# What Is Optimal Control?

## Design and implement control techniques to satisfy system objectives

Optimal control is a condition of dynamic systems that satisfy design objectives. Optimal control is achieved with control laws that execute following defined optimality criteria. Some widely used optimal control techniques are:

The Linear Quadratic Regulator (LQR) is a full state feedback optimal control law, $$u= -Kx$$, that minimizes a quadratic cost function to regulate the control system.

This cost function depends on system states $$(x)$$ and control inputs $$(u)$$, as shown below.

$$J(u)=\int_{0}^{\infty} (x^T Qx+u^T Ru+2x^T Nu)dt$$

Based on the performance specifications, weighting factors Q, R, and N are set for this optimal control law to define the appropriate balance between system state regulation and the cost of control actuation.

Not all state measurements will be accessible in many optimal control problems. In these cases, states must be estimated using an observer. This is typically done using an observer such as a Kalman filter. A Kalman filter combined with an LQR controller constitutes a Linear Quadratic Gaussian (LQG) controller.
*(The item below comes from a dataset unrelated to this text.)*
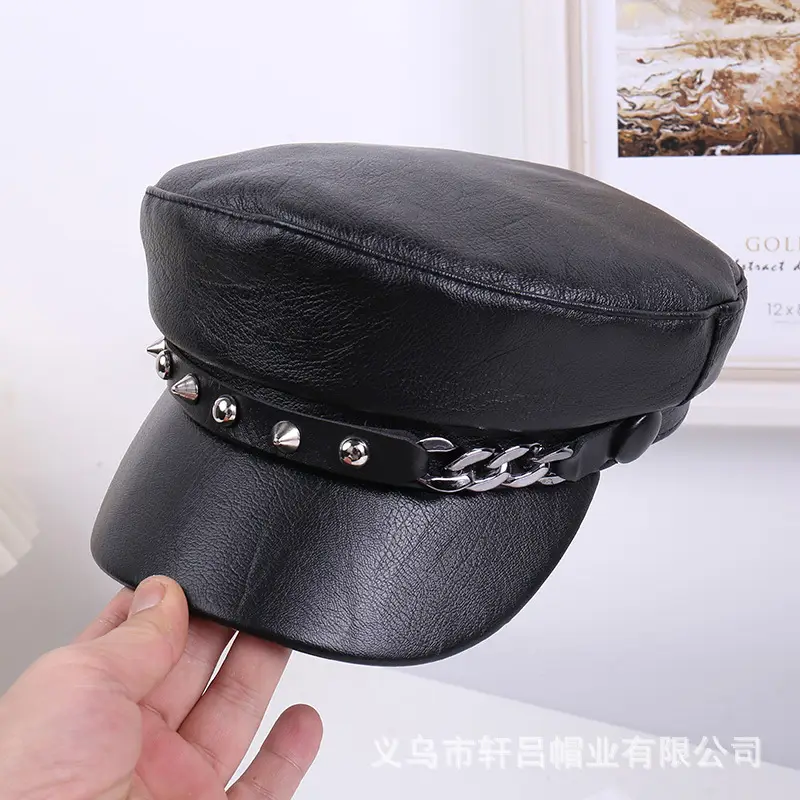 New Soft Leather Peaked Hat with Rivet Belt for Women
To learn more, check out this MATLAB tech talk (17:23) on LQR control.

Model Predictive Control

The Model Predictive Control (MPC) is used to minimize a cost function in multi-input multi-output (MIMO) systems that are subject to input and output constraints. This optimal control technique uses a system model to predict future plant outputs. Using the predicted plant outputs, the controller solves an online optimization problem, namely a quadratic program, to determine the optimal adjustments to a manipulable variable that drives the predicted output to the reference. MPC variants include adaptive, gain-scheduled, and nonlinear MPC controllers. The type of MPC controller used depends on the prediction model (linear/nonlinear), constraints (linear/nonlinear), cost function (quadratic/nonquadratic), throughput, and sample time. To learn more, check out this MATLAB Tech Talk (5:59) about MPC variants.

Advances in microprocessor technology and efficient algorithms have increased the adoption of this optimal control method in applications such as automated driving, optimal terrain tracking in aerospace applications, etc.
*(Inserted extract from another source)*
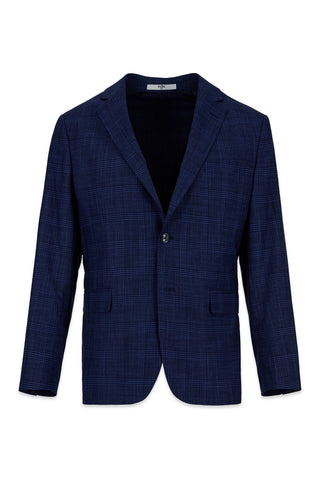  Orta Lacivert 7 Drop Slim Fit Dar Kesim Mono Yaka Klasik Ekose Ceket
To learn more, check out this MATLAB Tech Talk series on Model Predictive Control.

Reinforcement Learning

Reinforcement learning is a machine learning technique in which a computer agent learns optimal behavior through repeated trial-and-error interactions with a dynamic environment. The agent uses observations from the environment to execute a series of actions, with the aim of maximizing the agent’s cumulative reward metric for the task. This learning occurs without human intervention and without explicit programming.

This optimal control method can be used for decision-making problems and as a nonlinear control alternative for applications that use conventional control methods such as automated driving, robotics, scheduling problems, and dynamic calibration of systems.

Extremum Seeking Control

Extremum seeking is an optimal control technique that automatically adapts control system parameters to maximize an objective function using model-free real-time optimization. This method does not require a system model and can be used for systems where parameters and disturbances slowly change over time. This optimal  control technique is suitable for stable systems that can tolerate noise in control and where only a small number of control system parameters need to be adapted.
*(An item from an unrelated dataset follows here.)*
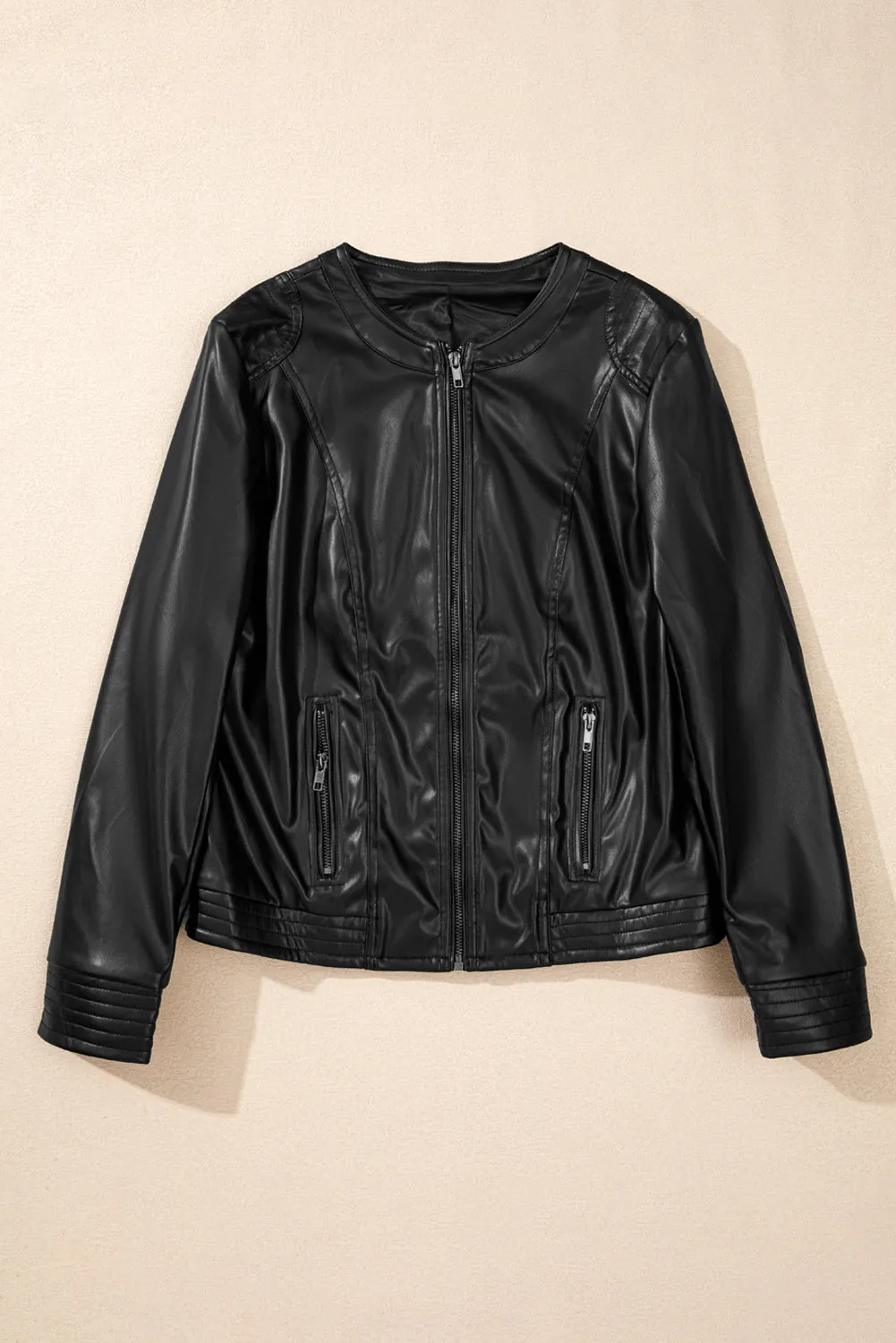 Faux Leather Zipper Slim Fit Bomber Jacket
Applications of extremum seeking control include adaptive cruise control, maximum power point tracking (MPPT) for solar arrays, and anti-lock braking systems (ABS). Fig 5. Schematic of Extremum Seeking Control.

H-Infinity synthesis

H-infinity synthesis is an optimal control tool/technique for designing single-input single-output (SISO) or MIMO feedback controllers to achieve robust performance and stability. Compared to classical control techniques such as loop shaping with bode or PID tuning, H-infinity is better suited for multivariable control systems that require cross-coupling between channels.

With H-infinity, the control objectives are formulated in terms of the normalized closed-loop gain. H-infinity synthesis automatically computes a controller that optimizes performance by minimizing this gain. This is useful because many control objectives can be expressed in terms of minimizing gains. This includes objectives such as disturbance rejection, sensitivity to noise, tracking, loop shaping, loop decoupling, and robust stability. Variations of H-infinity synthesis can be used to handle both fixed structure or full-order controllers.

To learn more, check out this MATLAB Tech Talk (13:56) on H-infinity synthesis.

The table below compares the optimal control methods described above:

Optimal control method Is optimization carried out at runtime? (Yes/No) How does the optimization process work for this optimal control process? Can it handle hard constraints?* (Yes/No) Does it use Model-based technique? (Yes/No) What is the throughput? (High/Low)
LQR/LQG No Uses closed-form solution that works with known linear time-invariant systems No Yes High
Implicit MPC (Yes) Using a prediction model, solves an online optimization problem to compute the optimal control actions Yes Yes Low (nonlinear MPC), High (linear MPC)
Explicit MPC (No) Solution to the optimization problem for computing optimal control actions is calculated offline Yes Yes High
Reinforcement Learning Yes** Learns optimal behavior for a task to maximize a reward metric No*** Depends on training algorithm Low (with training), Medium-High (during inference)
Extremum Seeking Control Yes Perturbs and adapts control parameters to maximize an objective function No No High
H-infinity synthesis No Automatically computes a controller that minimizes normalized closed-loop gain No Yes High

* You can impose constraints with the constraint enforcement block. Learn more here.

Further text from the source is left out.